I talked about this a while back, but now it’s for real. Today, I introduce to you a new conlang: 🖼🗣. Or, to put the name in something pronounceable, Pictalk. Yes, the glyphs making up the name are emoji. Yes, so are all the characters used in the entire language.
Strictly speaking, Pictalk isn’t a full-fledged conlang. It’s written-only, first of all. There is no true spoken form. Instead, it should be considered something closer to a conscript, an artificial writing system, modeled after hieroglyphic and ideographic scripts. But that’s enough to encode ideas, thoughts, sayings, and anything that might need to be written in this modern, digital age.

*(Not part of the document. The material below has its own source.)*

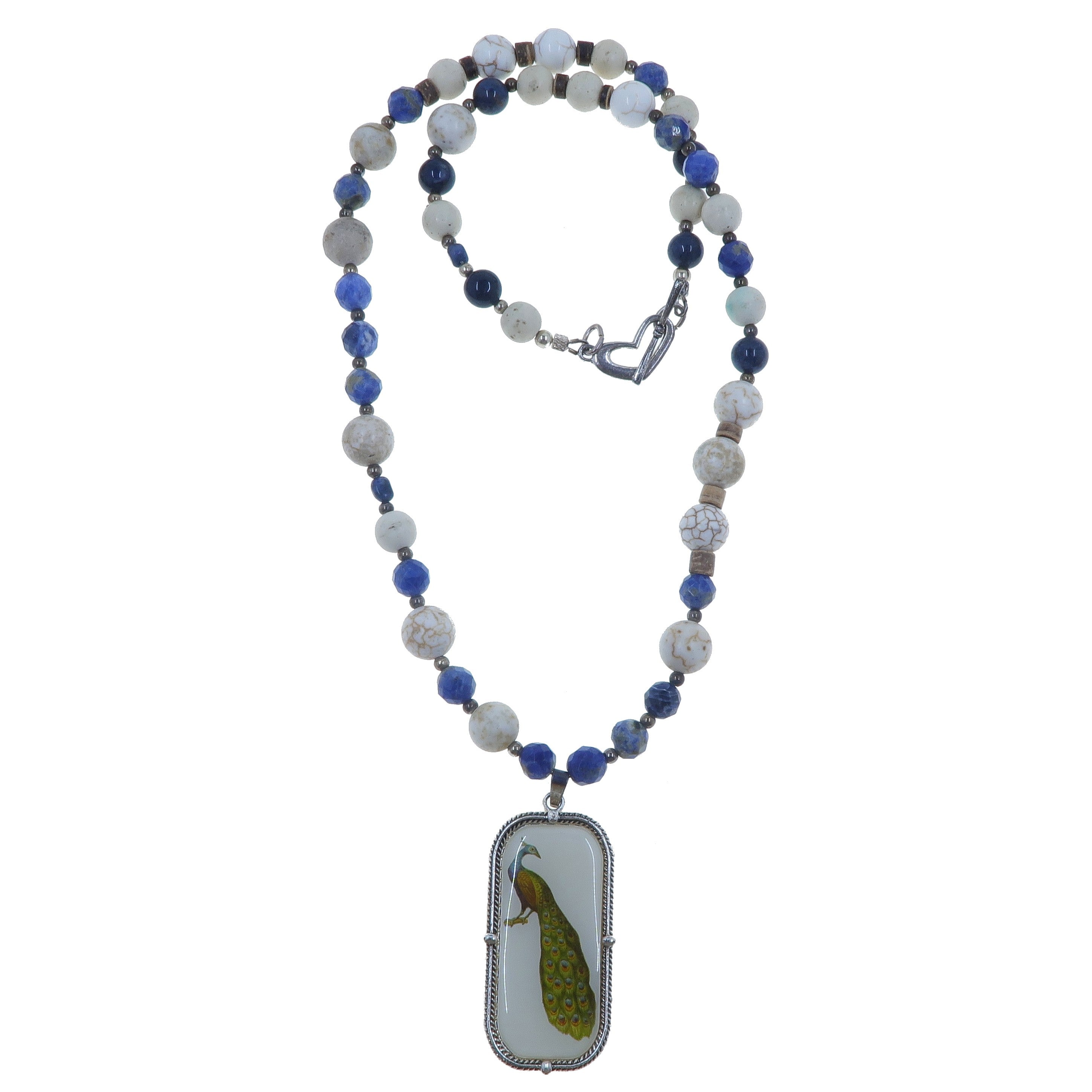 Sodalite Necklace with Peacock of Honor Magnesite Crystals - Elegant Healing Jewelry for Meditation, Energy Balancing & Spiritual Gifts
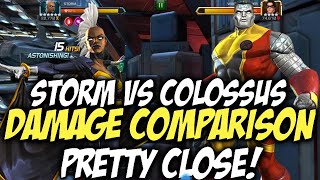 Colossus Vs Og Storm Damage Comparison  Marvel Contest Of Champions [upl. by Lledrev91]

The hardest part about making Pictalk is the very restricted set of available glyphs. True, there are over 1200 emoji characters available, and they cover a wide variety of concepts, from animals to emotions to transportation and more. But I don’t have control over which symbols the Unicode Consortium adds to the list. While that list will grow (they add more each year, it seems), there’s little rhyme or reason to which new characters come in.
But that’s okay. We can do this. English only needs 26 letters, right?
Even with the wide array we have, it’s safe to discard quite a few right off the bat. First, I’ll drop the “cat face” group, such as 😸, because they really only repeat the normal human smileys. Next, toss out the handful of CJK ideographs in circles or squares, like 🈹—I’m an English speaker, and even Unicode gives up on giving them reasonable names. The skin tone modifiers (🏻 and friends) don’t make sense in the context of language; Pictalk thus won’t give them meanings, but will allow them to modify other symbols as a kind of synonym.
Likewise (and here’s where we start getting into the grammar bits), gendered forms like 👩🏫 or 👨⚕️ are synonymous with their “base” forms. With many languages, particularly in the West, where there is no neuter form, masculine is considered the default. Pictalk, however, is gender-neutral. That’s not out of some misguided idea of social justice or diversity, but simple expedience. Unicode has neuter forms for most of what we might call agentive glyphs. Where it doesn’t, we can use either, and that’s fine.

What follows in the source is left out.